YOUR OBJECTIVE: Copy exactly and only the lines running from the one that contains "Стол компьютерный ВАРДИГ" to the final line of the data below, without the pictures.

DATA SHOWN:
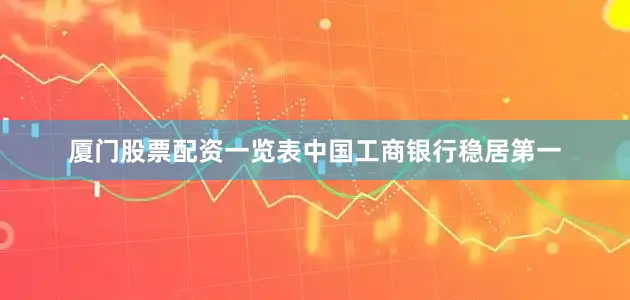 厦门股票配资一览表中国工商银行稳居第一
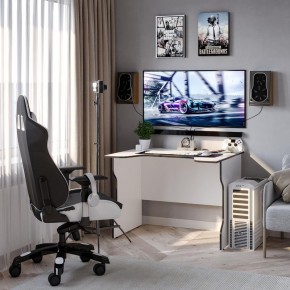 Стол компьютерный ВАРДИГ K2 100x82, белый/черный в Камышлове - kamyshlov.mebel24.online | фото 4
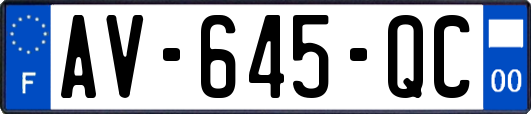 AV-645-QC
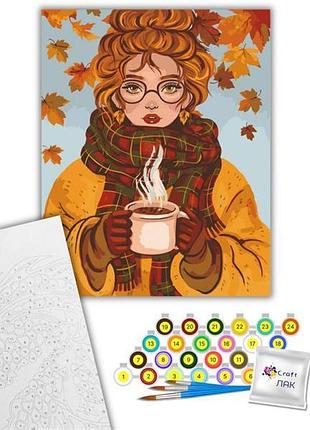 Картина за номерами artcraft осінній настрій 40х50 см (10143-ac)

SOLUTION FOR THIS EXERCISE:
 Стол компьютерный ВАРДИГ K2 100x82, белый/черный в Камышлове - kamyshlov.mebel24.online | фото 4
 AV-645-QC
 Картина за номерами artcraft осінній настрій 40х50 см (10143-ac)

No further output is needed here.